Clojure Gazette 1.21
Potpouri
Clojure Gazette
Issue 1.21 - September 18, 2012
editorial
Clojure grab bag
Well, this week, I just wanted to catch everyone up on some of the great content I have been consuming for the past few weeks. There is no real theme, except for the normal filters for quality and relevance. It looks like I will need an issue like this occasionally, for great stuff that does not really fit into a topic big enough for its own issue.
Enjoy!
**Eric Normand **
PS. I love to hear from you. Just hit reply!
dead trees live again!
Amazing LISP Books living again in clojure
A great roundup of blog posts that go through older Lisp books, reworking the examples in Clojure. It makes me kick myself for never reading the Little Schemer when I was a kid. Somehow a copy of it found its way onto my bookshelf.
data
Thinking in Data (video)
Stuart Sierra hits it home with some good ideas for organizing code around data.
plug it in
A clear explanation of how to write a lein plugin. via Clojure Weekly
quasi-homoiconic
Not so homoiconic(video)
Christophe Grand explains his work to make Clojure tooling easier: by making a reader that is much more homoiconic than the standard reader.

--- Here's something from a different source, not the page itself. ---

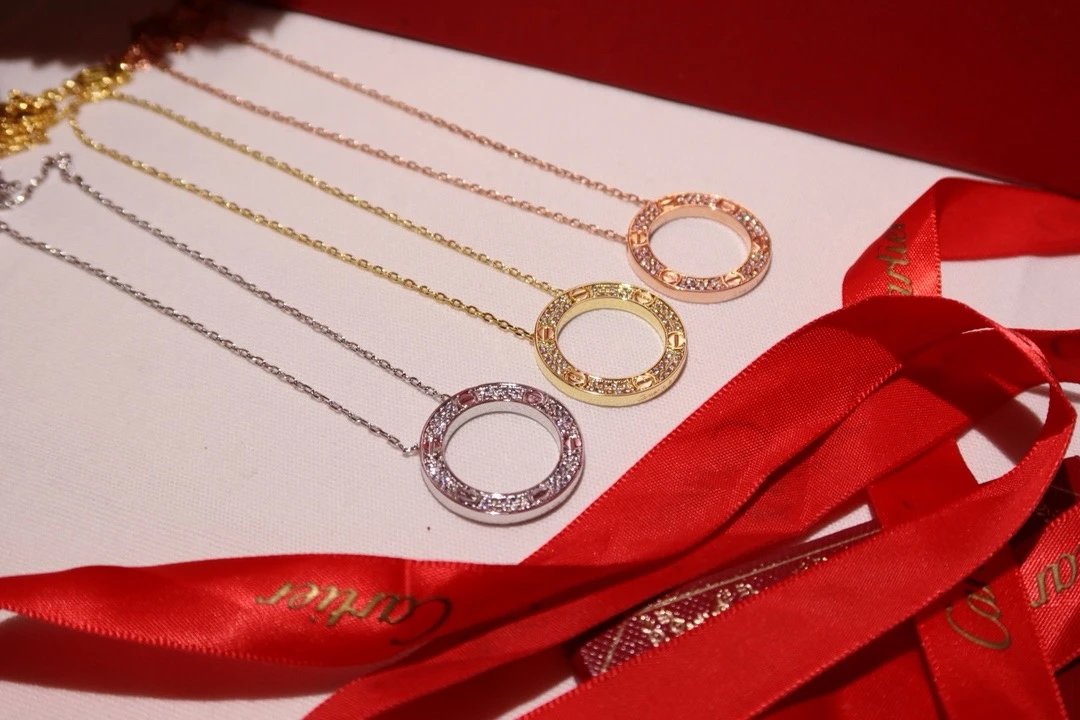 Cartier LOVE Circle Pendant Ne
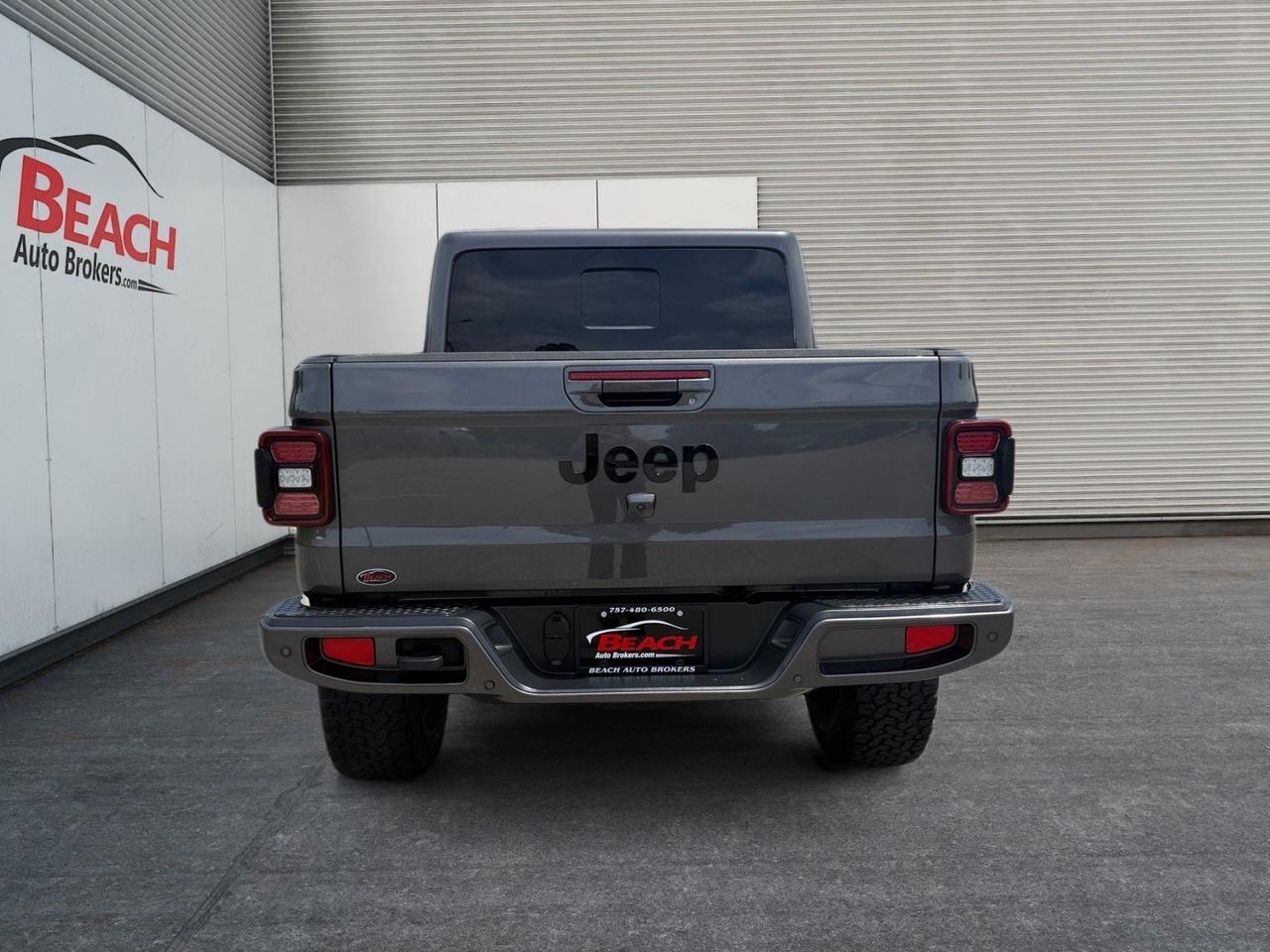 2021 Jeep Gladiator High Altitude, HEATED SEATS, APPLE CARPLAY/ANDROID AUTO, UNIVERSAL GARAGE DOOR OPENER, BED LINER, SLIDING REAR WINDOW, BACKUP CAMERA, POWER/HEATED MIRRORS, REMOTE START, CLEAN CARFAX! Norfolk VA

His reader includes whitespace and comments so that a non-lossy round-trip can be done.
peek inside
Generating and Analyzing Events (video)
Zach Tellman presents a system for operating on event streams, which allows information from deep inside the system to communicate with parts outside.
reducers
Reducers (video)
I am still trying to wrap my head around the reducers library and what I should use it for. Rich Hickey dives a little deeper into it in this EuroClojure talk.
homo iconicity, again
Homoiconicity Bring Pretty Graphs to Liberator
This is one of those things about homoiconicity: you can easily read in code and visualize it in new ways. In this post, Philipp Meier creates a flowchart of the Liberator decision tree.
enlive tutorial
Enlive is a great CSS-like selector library for dealing with HTML. It is ostensibly a templating library, but people use it for screen-scraping as well. David Nolen has created a nice introduction.
scheduling
This looks interesting. If I ever need an industrial scheduler, I'll look to this.
datalog revived
It appears that clojure.contrib.datalog has been revived! It would be very nice to see this continue and improvements made.